SISA DOA DI SAKU AYAH

Herman Siem
Chapter #18

CARA YANG SALAH

"Ya bagus dong, dan kamu harus bersyukur ada rejeki bisa beliin rumah untuk keluarga kamu," tutur wanita tua pemilik warung sembari mengambil piring dan gelas kotor di meja.

Tidak banyak aneka masakan tertata dalam etalase seperti sebelumnya, etalase terisi penuh dengan aneka masakan. Hanya terlihat ada berapa aneka masakan matang tertata di wadah stanlies.

Raut wajahnya tidak lagi seceria seperti kemarin-kemarin, atau wanita tua pemilik warung sedang sakit dan biasanya selalu memberikan ceramah pada saja yang makan di warungnya. Kali ini seraya ia tidak bersemangat, atau memang sedang sakit.

Dua wajah saling menoleh bingung, padahal keduanya menanti nasehat tertutur dari mulut Mbok Sum setelah mencuci piring dan gelas, ia hanya terduduk menatap kosong. Sampai jemari kanan Tarno menepuk sekali pundaknya Firman menggelengkan kepala juga tidak tahu.

Makin terhanyut bingung dan keduanya bertanya dalam hatinya yang juga terjawab diam. Terus mau bertanya pada wanita tua pemilik warung takut marah. Guratan wajahnya semakin terenyuh sedih, pasti ada sesuatu yang sedang membuatnya sedih.

"Mbok Sum?" tanyanya ketakutan sembari beranjak bangun dan duduk di sampingnya. Firman menoleh kewajah wanita tua hanya terdiam lagi.

"Mbok Sum kenapa?
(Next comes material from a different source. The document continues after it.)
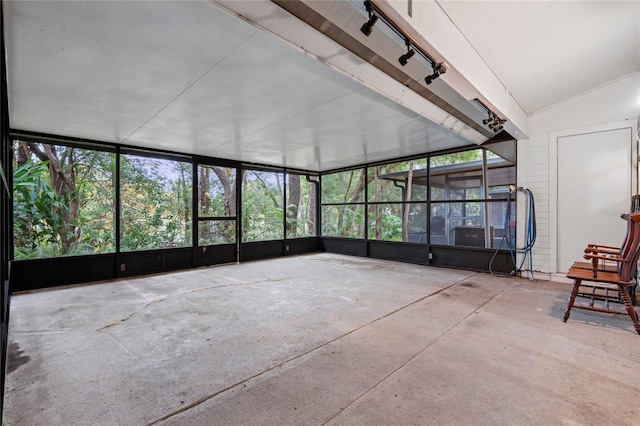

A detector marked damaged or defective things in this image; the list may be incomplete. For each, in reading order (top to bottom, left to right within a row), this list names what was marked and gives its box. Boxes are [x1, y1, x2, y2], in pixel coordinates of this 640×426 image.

cracked concrete slab [5, 255, 640, 424]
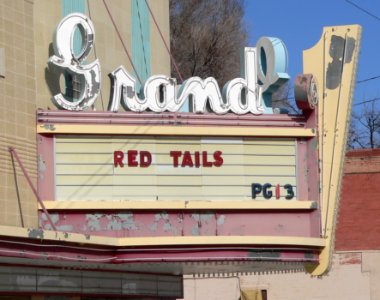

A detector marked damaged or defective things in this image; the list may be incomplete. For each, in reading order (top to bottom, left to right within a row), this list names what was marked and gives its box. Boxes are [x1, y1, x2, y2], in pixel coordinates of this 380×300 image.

Kok diam aja dari tadi, biasanya ngasih ceramah kalau kita berdua lagi makan?" semakin bingung dan semakin ingin tahu apa yang tengah terjadi, Tarno beranjak bangun sembari bertanya.

"Kalian besok sudah tidak bisa lagi makan di sini, warung ini besok tutup," jawabnya lirih terucap dari bibir coklat pekat wanita tua pemilik warung.
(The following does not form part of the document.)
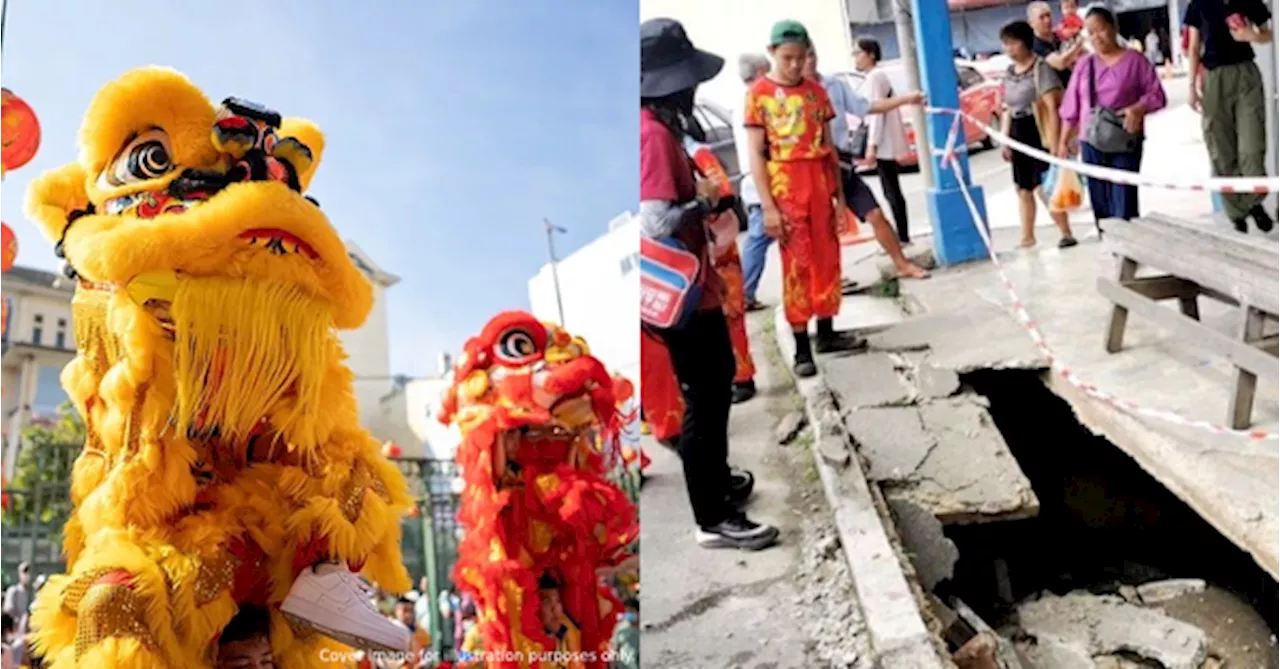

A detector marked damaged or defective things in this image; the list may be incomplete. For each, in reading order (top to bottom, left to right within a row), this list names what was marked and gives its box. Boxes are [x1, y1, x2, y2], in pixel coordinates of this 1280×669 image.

Lagi-lagi kedua lelaki itu makin di buat bingung dan saling menoleh, tentu saja keduanya makin bingung di mana lagi bila perutnya keroncongan dan asam lambungnya naik karena tidak bisa makan lagi. Memang banyak warung makan, tapi rasa masakan Mbok Sum seraya sudah melekat rasanya di lidah keduanya.

"Emang Mbok Sum mau pulang kampung, terus warungnya tutup?" __ "Ntar kita berdua makan di mana, kalau warung Mbok Sum tutup?" keduanya semakin bingung bertanya, tetap mulut wanita tua itu hanya terdiam seribu kata. Sontak saja kerutan wajahnya semakin berkerut, keningnya berkerinyit tanda ada sesuatu yang sedang di pikirkannya.

"Warung ini di tutup, karena Mbok Sum udah nggak bisa bayar sewa kontrakannya lagi," jawabnya sedih, kedua matanya semakin terenyuh sedih.

Keduanya kembali menoleh dan semakin bingung serta ikuti-ikutan terenyuh sedih melihat wanita tua yang selama ini bukan hanya bawel selalu ceramah memberikan nasehat pada keduanya, sudah di anggapnya orang tua. "Fir?" sembari menoleh dan memanggil, Tarno sekali menolehkan wajahnya pada lelaki pemilik mobil bak terbuka.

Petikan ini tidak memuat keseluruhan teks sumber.